YOUR INSTRUCTIONS:
Please print, exactly, only the lines in the entries below from the line that has "black cropped chinos" through the line that has "crimson red animal". Pictures don't go in.

(Scraped caption text data)
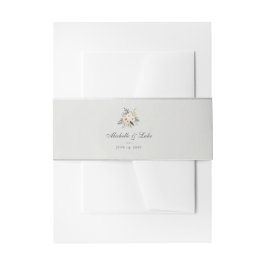 Cintas Para Invitaciones Soft Grey Floral Velvet Wedding Invitation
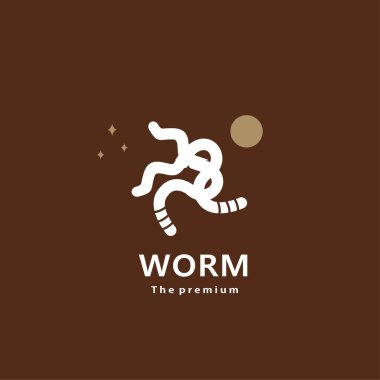 Hayvan solucanı doğal logo vektör ikonu silueti retro hipster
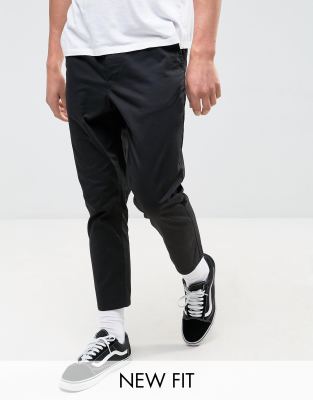 black cropped chinos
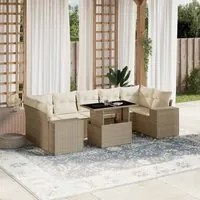 Set Divano da Giardino 8 pz con Cuscini Beige in Polyrattan 3269038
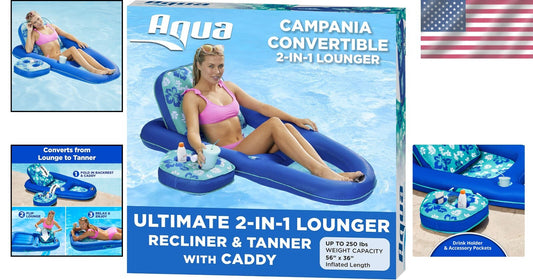 Aqua 2-in-1 Lounge Float – XL Inflatable Pool Recliner with Adjustable Backrest
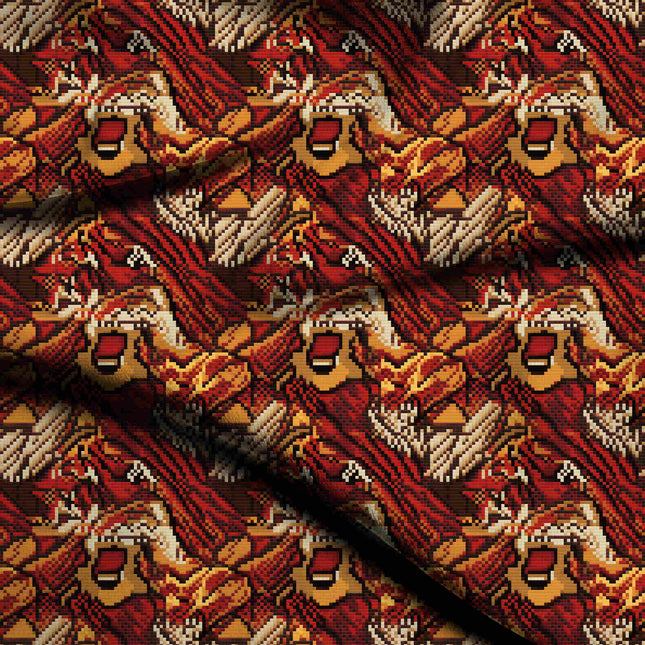 crimson red animal digital print fabric texture — medium scale closeup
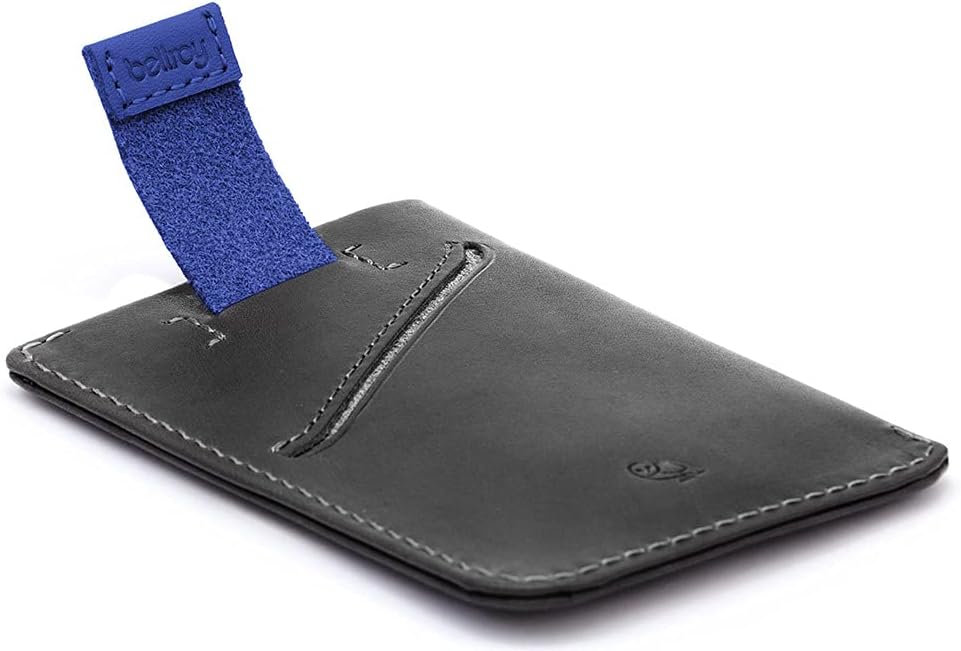 Bellroy Card Sleeve, slim leather wallet (Max. 8 cards and bills) - CharcoalCobalt : Clothing, Shoes & Jewelry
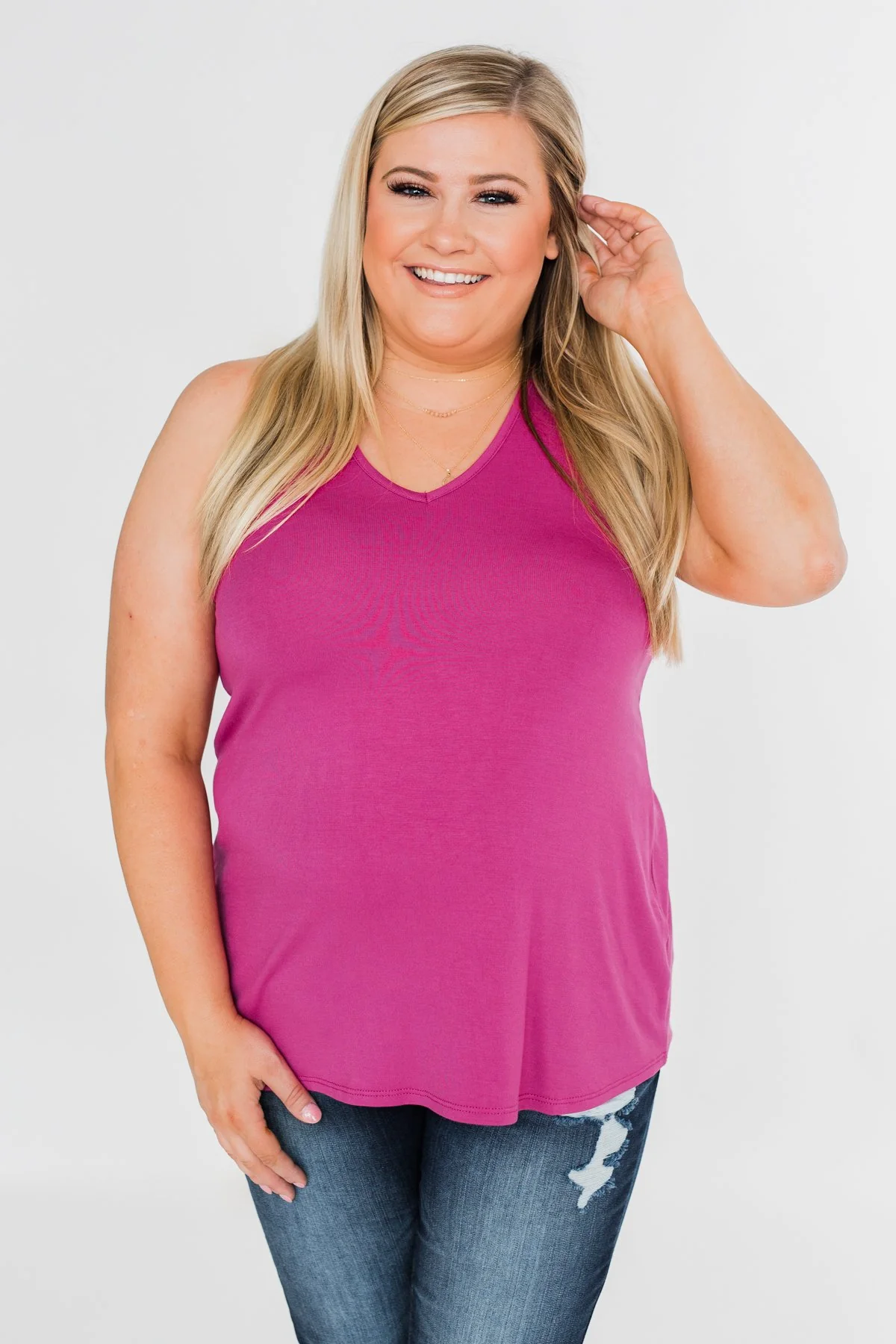 Tell Me Again Crochet Knit Tank Top- Magenta - Image 6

EXERCISE ANSWER:
 black cropped chinos
 Set Divano da Giardino 8 pz con Cuscini Beige in Polyrattan 3269038
 Aqua 2-in-1 Lounge Float – XL Inflatable Pool Recliner with Adjustable Backrest
 crimson red animal digital print fabric texture — medium scale closeup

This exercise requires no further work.